Chances are that you are trying this on a non-routing desktop computer, so
you need to enable ip forwarding:
# echo 1 > /proc/sys/net/ipv4/ip_forward
You should now be able to ping 10.0.0.124 from other hosts on your
10.0.0.0/8 subnet. If you are using public ip space, it should work from
everywhere.
ARP
---
If we were to take things very literally, your tcp/ip pseudo stack would
also have to implement ARP and MAC addresses. This is often a bit silly as
the ethertap device is a figment of our imagination anyway. However, should
you want to go 'all the way', you can add the 'arp' flag to ifconfig:
# ifconfig tap0 10.0.0.123 up arp
This may also be useful when implementing a bridge, which needs to bridge
ARP packets as well.
The sample program below will no longer work then, because it does not
implement ARP.
Sample program
--------------
A sample program is included somewhere in the bowels of the netfilter
source.

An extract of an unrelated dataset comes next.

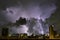 City landscape lightning storm behind clouds at night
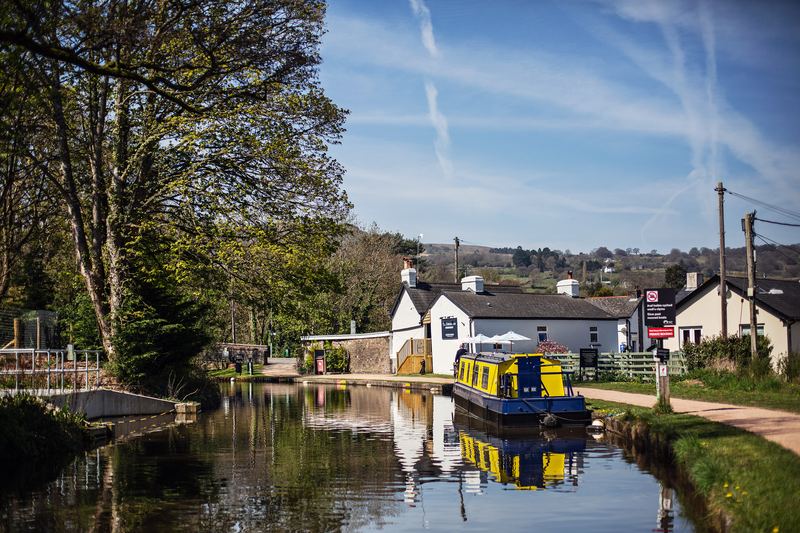 The Towpath Inn beside the Monmouthshire and Brecon Canal, a narrowboat moored in front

I've extracted this program and list it here. It implements a very
tiny part of the IP stack and can respond to any pings it receives. It gets
confused if it receives ARP, as it tries to parse it by treating it as an IP
packet.
/* Simple program to listen to /dev/tap0 and reply to pings. */
#include <fcntl.h>
#include <netinet/ip.h>
#include <netinet/ip_icmp.h>
#if defined(__GLIBC__) && (__GLIBC__ == 2)
#include <netinet/tcp.h>
#include <netinet/udp.h>
#else
#include <linux/tcp.h>
#include <linux/udp.h>
#endif
#include <string.h>
#include <stdio.h>
#include <errno.h>
#include <unistd.h>
u_int16_t csum_partial(void *buffer, unsigned int len, u_int16_t prevsum)
{
u_int32_t sum = 0;
u_int16_t *ptr = buffer;
while (len > 1) {
sum += *ptr++;
len -= 2;
}
if (len) {
union {
u_int8_t byte;
u_int16_t wyde;
} odd;
odd.wyde = 0;
odd.byte = *((u_int8_t *)ptr);
sum += odd.wyde;
}
sum = (sum >> 16) + (sum & 0xFFFF);
sum += prevsum;
return (sum + (sum >> 16));
}
int main()
{
int fd, len;
union {
struct {
char etherhdr[16];
struct iphdr ip;
} fmt;
unsigned char raw[65536];
} u;
fd = open("/dev/tap0", O_RDWR);
if (fd < 0) {
perror("Opening `/dev/tap0'");
return 1;
}
/* u.fmt.ip.ihl in host order! Film at 11. */
while ((len = read(fd, &u, sizeof(u))) > 0) {
u_int32_t tmp;
struct icmphdr *icmp
= (void *)((u_int32_t *)&u.fmt.ip + u.fmt.ip.ihl );
struct tcphdr *tcp = (void *)icmp;
struct udphdr *udp = (void *)icmp;
fprintf(stderr, "SRC = %u.%u.%u.%u DST = %u.%u.%u.%u\n",
(ntohl(u.fmt.ip.saddr) >> 24) & 0xFF,
(ntohl(u.fmt.ip.saddr) >> 16) & 0xFF,
(ntohl(u.fmt.ip.saddr) >> 8) & 0xFF,
(ntohl(u.fmt.ip.saddr) >> 0) & 0xFF,
(ntohl(u.fmt.ip.daddr) >> 24) & 0xFF,
(ntohl(u.fmt.ip.daddr) >> 16) & 0xFF,
(ntohl(u.fmt.ip.daddr) >> 8) & 0xFF,
(ntohl(u.fmt.ip.daddr) >> 0) & 0xFF);
switch (u.fmt.ip.protocol) {
case IPPROTO_ICMP:
if (icmp->type == ICMP_ECHO) {
fprintf(stderr, "PONG! (iphdr = %u bytes)\n",
(unsigned int)((char *)icmp
- (char *)&u.fmt.ip));
/* Turn it around */
tmp = u.fmt.ip.saddr;
u.fmt.ip.saddr = u.fmt.ip.daddr;
u.fmt.ip.daddr = tmp;
icmp->type = ICMP_ECHOREPLY;
icmp->checksum = 0;
icmp->checksum
= ~csum_partial(icmp,
ntohs(u.fmt.ip.tot_len)
- u.fmt.ip.ihl*4, 0);
{
unsigned int i;
for (i = 44;
i < ntohs(u.fmt.ip.tot_len); i++){
printf("%u:0x%02X ", i,
((unsigned char *)
&u.fmt.ip)[i]);
}
printf("\n");
}
write(fd, &u, len);
}
break;
case IPPROTO_TCP:
fprintf(stderr, "TCP: %u -> %u\n", ntohs(tcp->source),
ntohs(tcp->dest));
break;
case IPPROTO_UDP:
fprintf(stderr, "UDP: %u -> %u\n", ntohs(udp->source),
ntohs(udp->dest));
break;
}
}
if (len < 0)
perror("Reading from `/dev/tap0'");
else fprintf(stderr, "Empty read from `/dev/tap0'");
return len < 0 ? 1 : 0;
}